Work instruction
Return the data word for word. Pictures are to be omitted.

Data shown
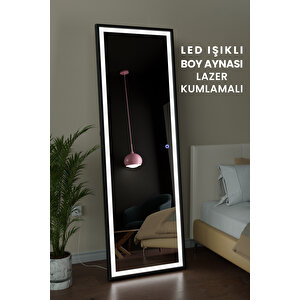 Led Işıklı Boy Aynası Lazer Kumlamalı 60x180 Cm Siyah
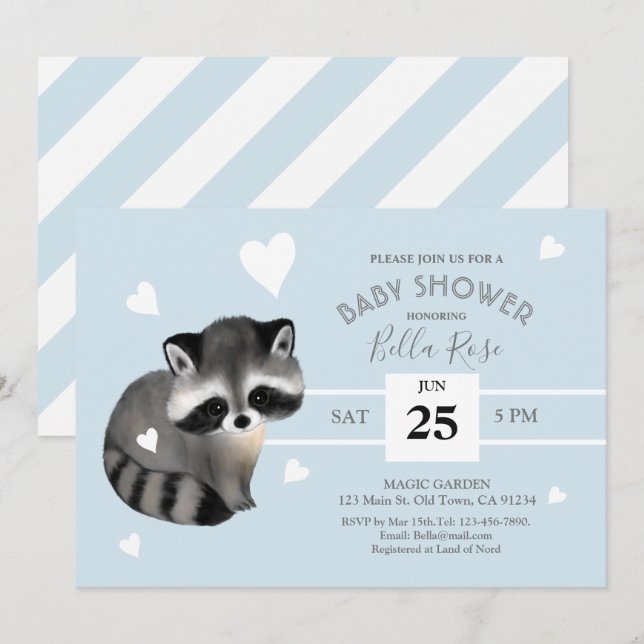 Rayas Gris Azules Invitación de Baby Shower Raccoo (Anverso / Reverso)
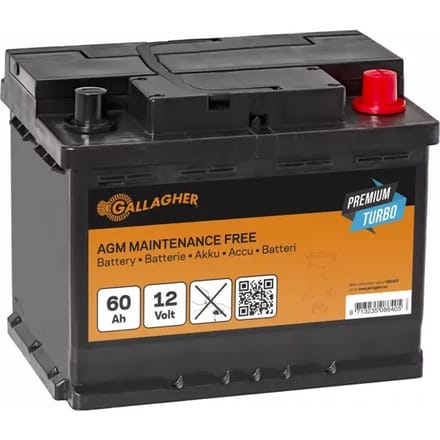 Gallagher Accu 12V/60Ah Premium Turbo AGM - Compacte en krachtige AGM accu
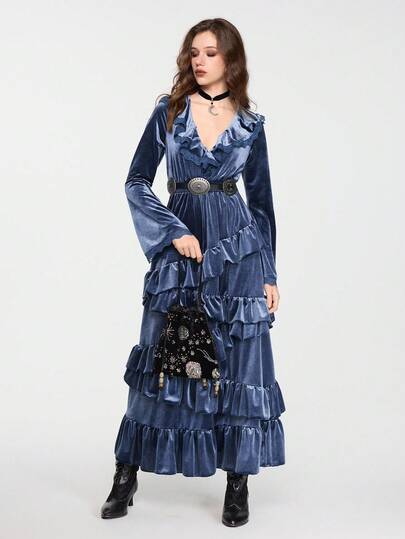 EDITION Women's Mysterious Dark Night Witch Style Vintage Lace Patchwork Ruffle Hem Deep V Sexy Extra Long Dress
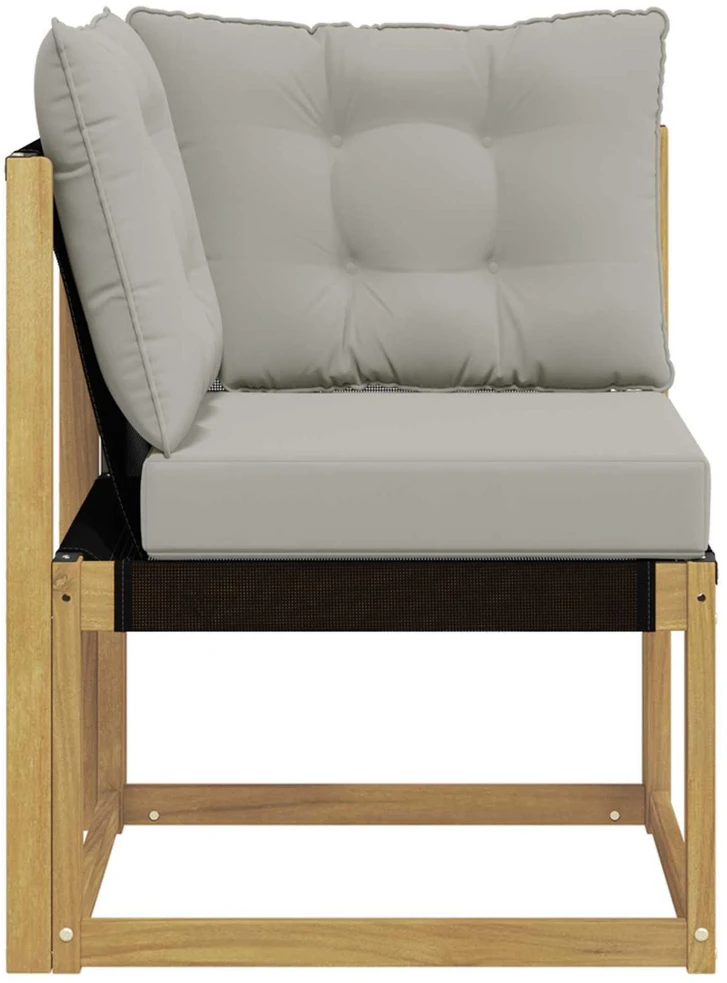 Lauko kampinė sofa Kietas akacijos medis ir tekstilenas Balta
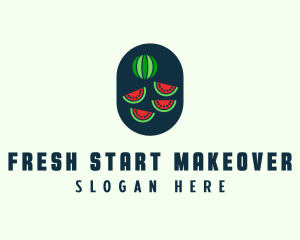 Watermelon Fruit Slices logo design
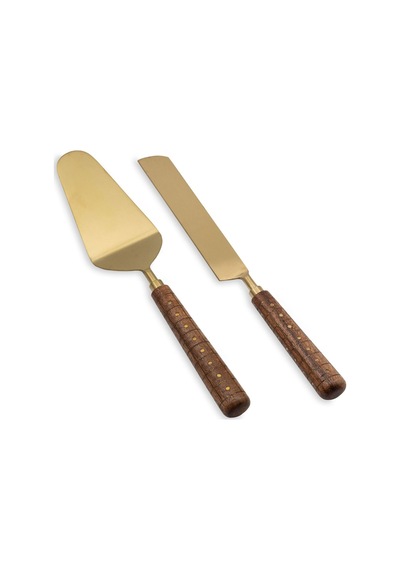 The Mia Ckb0271 Wood Pasta Servis Takımı 2 Parça Gold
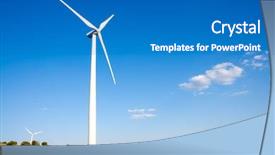  Presentation with sky blue and golden yellow - Presentation design featuring industry development - aerogenerator windmill blue sky background and a teal colored foreground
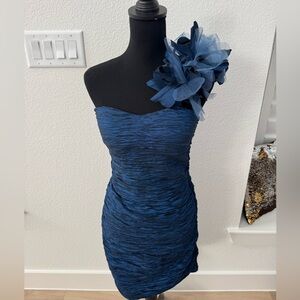 Metallic Blue Daisy Dress Size M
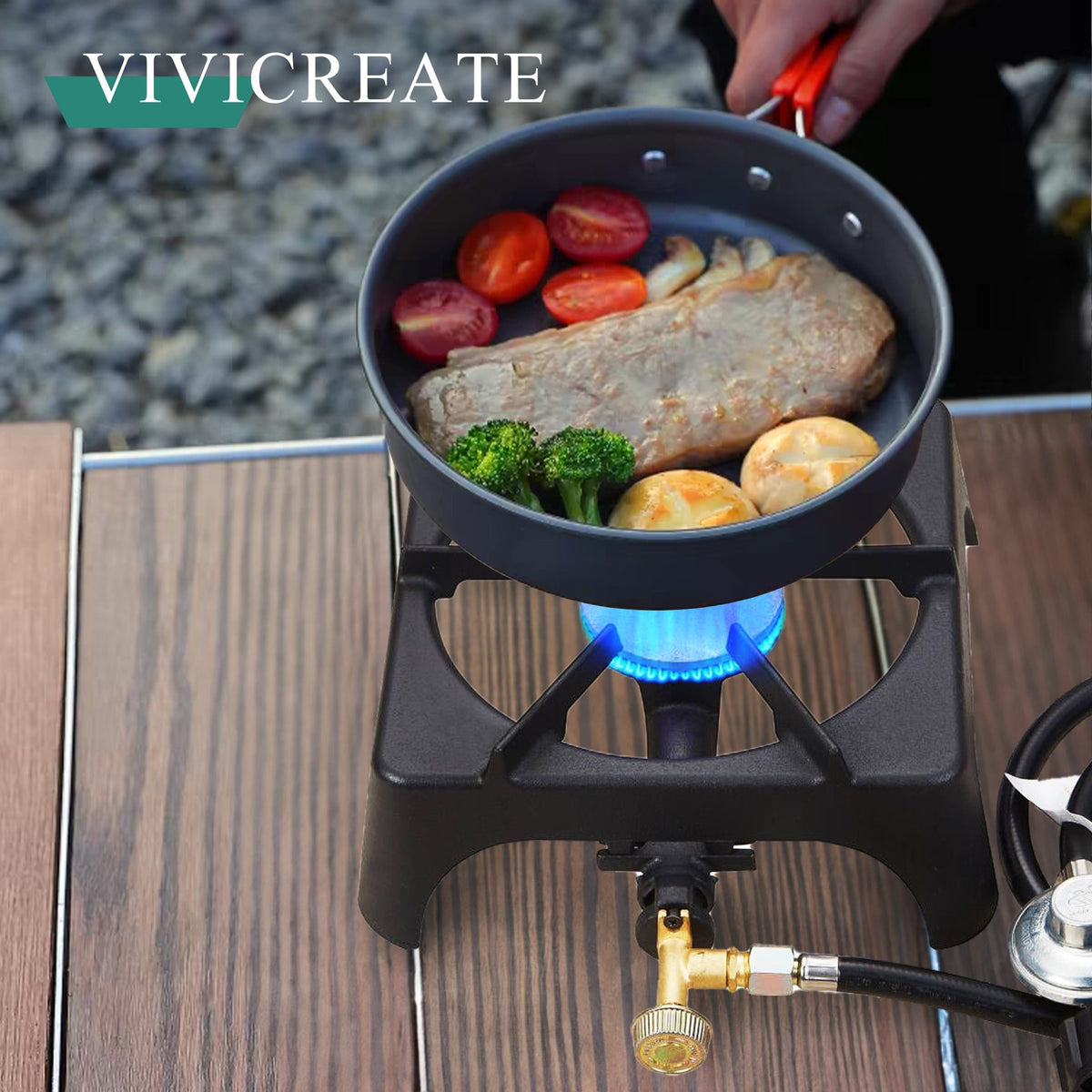 Réchaud de camping portable au propane à 1 ou 2 brûleurs - Réchaud à gaz d'extérieur avec régulateur et tuyau certifiés CSA pour le camping, le barbecue, le brassage maison, la friture de dinde et la cuisine de patio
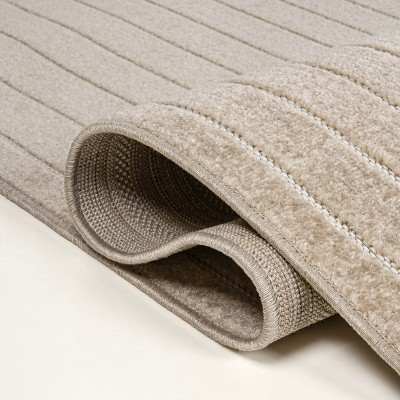 Beige and Cream 8' x 10' Striped Synthetic Area Rug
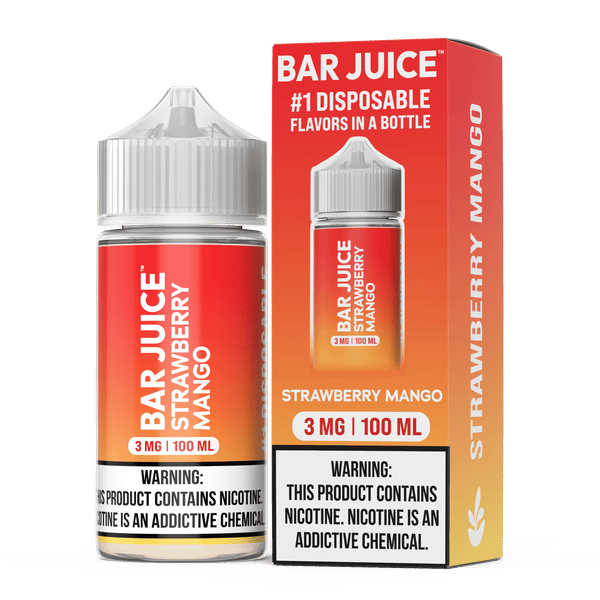Strawberry Mango Bar Juice e-liquid 100mL bottle with colorful label and fresh fruit images.
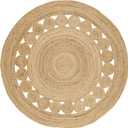 SAFAVIEH Area Rug 4' Round - Natural Fiber Collection - Natural Brown, Handmade Jute, Boho Farmhouse Braided Design (NF364A)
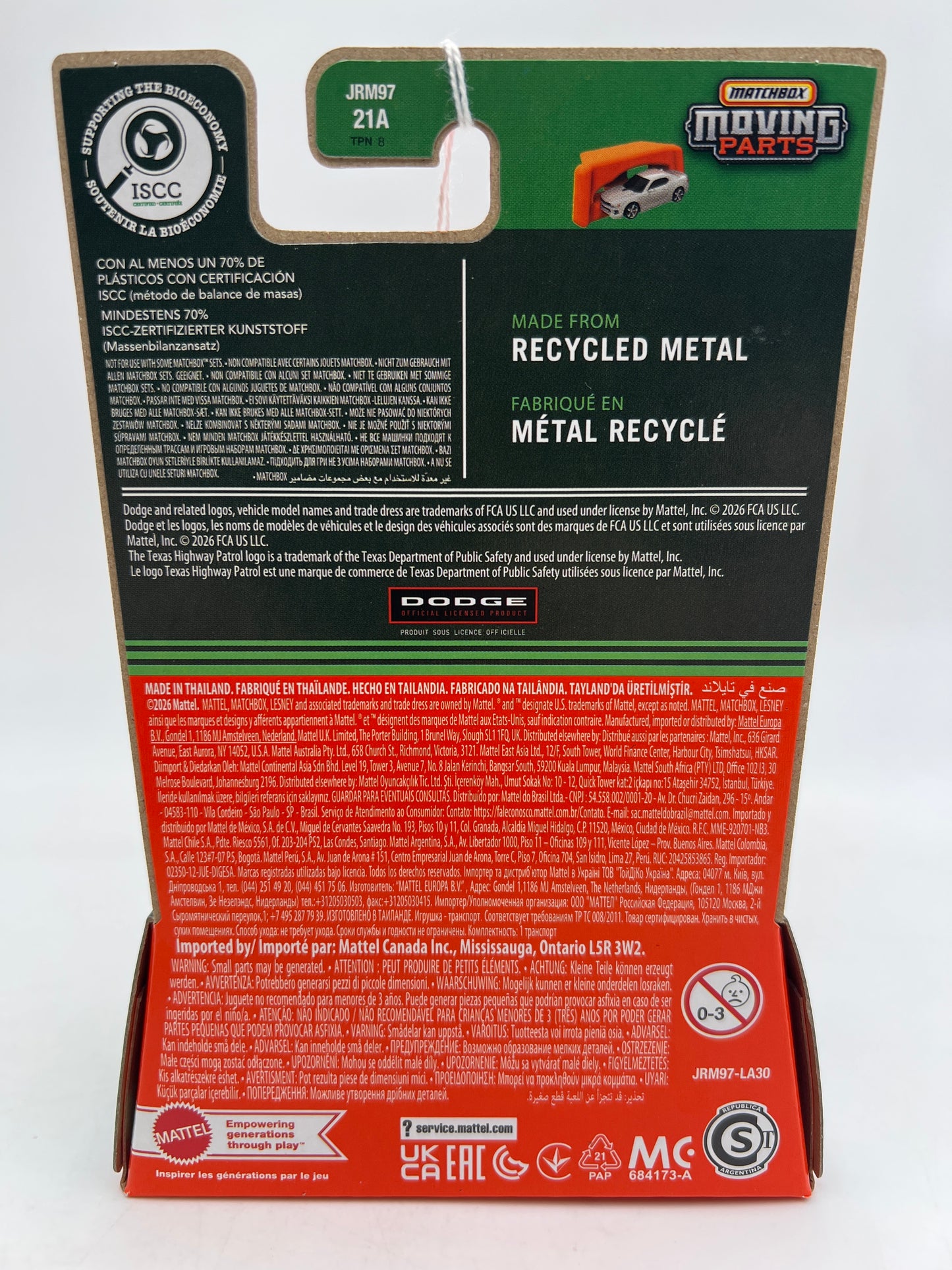 2026 Matchbox Moving Parts #44 2018 Dodge Durango Police 220B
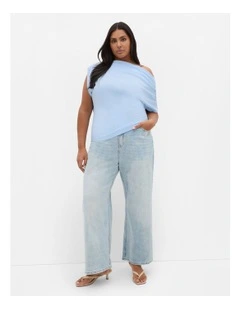 Imani Off Shoulder Top in Sky Blue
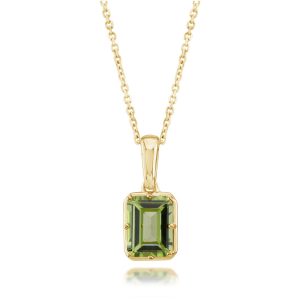 14K Yellow Gold 8x6mm Octagon Peridot Pendant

Final answer
 Led Işıklı Boy Aynası Lazer Kumlamalı 60x180 Cm Siyah
 Rayas Gris Azules Invitación de Baby Shower Raccoo (Anverso / Reverso)
 Gallagher Accu 12V/60Ah Premium Turbo AGM - Compacte en krachtige AGM accu
 EDITION Women's Mysterious Dark Night Witch Style Vintage Lace Patchwork Ruffle Hem Deep V Sexy Extra Long Dress
 Lauko kampinė sofa Kietas akacijos medis ir tekstilenas Balta
 Watermelon Fruit Slices logo design
 The Mia Ckb0271 Wood Pasta Servis Takımı 2 Parça Gold
  Presentation with sky blue and golden yellow - Presentation design featuring industry development - aerogenerator windmill blue sky background and a teal colored foreground
 Metallic Blue Daisy Dress Size M
 Réchaud de camping portable au propane à 1 ou 2 brûleurs - Réchaud à gaz d'extérieur avec régulateur et tuyau certifiés CSA pour le camping, le barbecue, le brassage maison, la friture de dinde et la cuisine de patio
 Beige and Cream 8' x 10' Striped Synthetic Area Rug
Strawberry Mango Bar Juice e-liquid 100mL bottle with colorful label and fresh fruit images.
 SAFAVIEH Area Rug 4' Round - Natural Fiber Collection - Natural Brown, Handmade Jute, Boho Farmhouse Braided Design (NF364A)
 2026 Matchbox Moving Parts #44 2018 Dodge Durango Police 220B
 Imani Off Shoulder Top in Sky Blue
 14K Yellow Gold 8x6mm Octagon Peridot Pendant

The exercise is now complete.